- Exercise
Whenever a line in the entries below contains the string "House", copy that line.

━━ Data provided ━━

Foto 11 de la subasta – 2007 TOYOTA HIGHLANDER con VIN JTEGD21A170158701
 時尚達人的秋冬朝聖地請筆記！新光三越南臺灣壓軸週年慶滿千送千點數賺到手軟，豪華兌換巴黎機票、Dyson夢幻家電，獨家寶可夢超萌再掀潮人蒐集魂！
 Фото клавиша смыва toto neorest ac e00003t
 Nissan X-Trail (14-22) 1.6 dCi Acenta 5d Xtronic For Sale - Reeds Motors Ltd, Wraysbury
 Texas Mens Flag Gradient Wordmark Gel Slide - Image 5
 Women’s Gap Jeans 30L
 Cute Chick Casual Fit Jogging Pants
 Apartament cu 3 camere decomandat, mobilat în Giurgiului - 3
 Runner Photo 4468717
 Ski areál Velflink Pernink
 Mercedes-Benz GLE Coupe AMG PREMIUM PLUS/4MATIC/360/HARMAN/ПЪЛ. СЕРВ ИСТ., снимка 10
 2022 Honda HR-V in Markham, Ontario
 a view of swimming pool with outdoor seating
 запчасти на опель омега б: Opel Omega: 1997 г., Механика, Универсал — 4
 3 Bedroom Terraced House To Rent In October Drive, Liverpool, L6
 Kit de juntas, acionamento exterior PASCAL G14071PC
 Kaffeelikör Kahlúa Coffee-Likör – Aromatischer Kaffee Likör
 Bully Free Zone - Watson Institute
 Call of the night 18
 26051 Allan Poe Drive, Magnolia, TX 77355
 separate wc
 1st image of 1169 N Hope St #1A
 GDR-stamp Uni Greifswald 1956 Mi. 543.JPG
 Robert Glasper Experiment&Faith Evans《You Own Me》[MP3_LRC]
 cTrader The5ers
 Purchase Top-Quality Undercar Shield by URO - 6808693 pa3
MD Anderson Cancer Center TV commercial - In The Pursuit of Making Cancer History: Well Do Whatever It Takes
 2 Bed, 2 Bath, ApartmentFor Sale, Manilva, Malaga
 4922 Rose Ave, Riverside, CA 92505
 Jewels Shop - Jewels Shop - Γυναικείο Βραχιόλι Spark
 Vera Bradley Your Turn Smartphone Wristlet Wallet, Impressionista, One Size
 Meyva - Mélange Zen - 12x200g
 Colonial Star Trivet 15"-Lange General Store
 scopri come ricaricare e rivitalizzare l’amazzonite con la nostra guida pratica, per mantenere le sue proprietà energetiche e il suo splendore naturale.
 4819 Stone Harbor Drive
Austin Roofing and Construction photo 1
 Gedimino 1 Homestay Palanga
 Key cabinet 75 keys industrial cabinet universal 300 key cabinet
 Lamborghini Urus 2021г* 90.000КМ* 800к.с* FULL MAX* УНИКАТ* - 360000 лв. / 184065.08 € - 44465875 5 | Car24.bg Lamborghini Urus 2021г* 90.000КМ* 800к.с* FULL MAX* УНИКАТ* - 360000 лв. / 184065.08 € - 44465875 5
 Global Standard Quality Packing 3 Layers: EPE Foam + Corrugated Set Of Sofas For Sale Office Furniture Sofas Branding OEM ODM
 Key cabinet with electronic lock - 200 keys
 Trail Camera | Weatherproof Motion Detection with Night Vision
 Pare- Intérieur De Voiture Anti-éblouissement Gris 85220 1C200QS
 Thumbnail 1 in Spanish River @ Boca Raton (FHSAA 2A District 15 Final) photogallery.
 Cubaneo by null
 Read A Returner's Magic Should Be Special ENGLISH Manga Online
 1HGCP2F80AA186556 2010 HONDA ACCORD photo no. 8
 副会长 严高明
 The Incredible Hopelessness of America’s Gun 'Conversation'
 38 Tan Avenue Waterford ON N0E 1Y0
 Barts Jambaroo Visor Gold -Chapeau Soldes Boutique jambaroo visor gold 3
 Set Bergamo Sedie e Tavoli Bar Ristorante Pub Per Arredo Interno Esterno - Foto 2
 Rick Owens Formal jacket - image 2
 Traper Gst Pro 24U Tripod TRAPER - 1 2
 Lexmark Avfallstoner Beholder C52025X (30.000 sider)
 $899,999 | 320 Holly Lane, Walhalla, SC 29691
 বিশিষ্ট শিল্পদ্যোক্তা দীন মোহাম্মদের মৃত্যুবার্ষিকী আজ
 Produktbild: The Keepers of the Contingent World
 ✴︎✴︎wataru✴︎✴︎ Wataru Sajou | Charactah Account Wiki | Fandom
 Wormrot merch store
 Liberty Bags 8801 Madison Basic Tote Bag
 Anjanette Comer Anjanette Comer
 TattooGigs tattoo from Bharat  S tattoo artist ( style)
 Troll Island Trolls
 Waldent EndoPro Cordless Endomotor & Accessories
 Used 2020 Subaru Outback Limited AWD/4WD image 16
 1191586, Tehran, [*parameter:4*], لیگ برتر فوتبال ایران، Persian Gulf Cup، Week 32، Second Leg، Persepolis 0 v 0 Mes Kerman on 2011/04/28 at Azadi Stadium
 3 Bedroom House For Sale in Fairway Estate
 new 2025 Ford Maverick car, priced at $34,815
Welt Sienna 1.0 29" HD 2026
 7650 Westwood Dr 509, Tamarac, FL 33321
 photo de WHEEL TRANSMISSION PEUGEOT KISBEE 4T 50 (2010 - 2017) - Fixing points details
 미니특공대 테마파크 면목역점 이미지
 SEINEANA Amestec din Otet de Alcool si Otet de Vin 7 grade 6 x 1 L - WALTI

━━━

- Answer to this task
 3 Bedroom Terraced House To Rent In October Drive, Liverpool, L6
 3 Bedroom House For Sale in Fairway Estate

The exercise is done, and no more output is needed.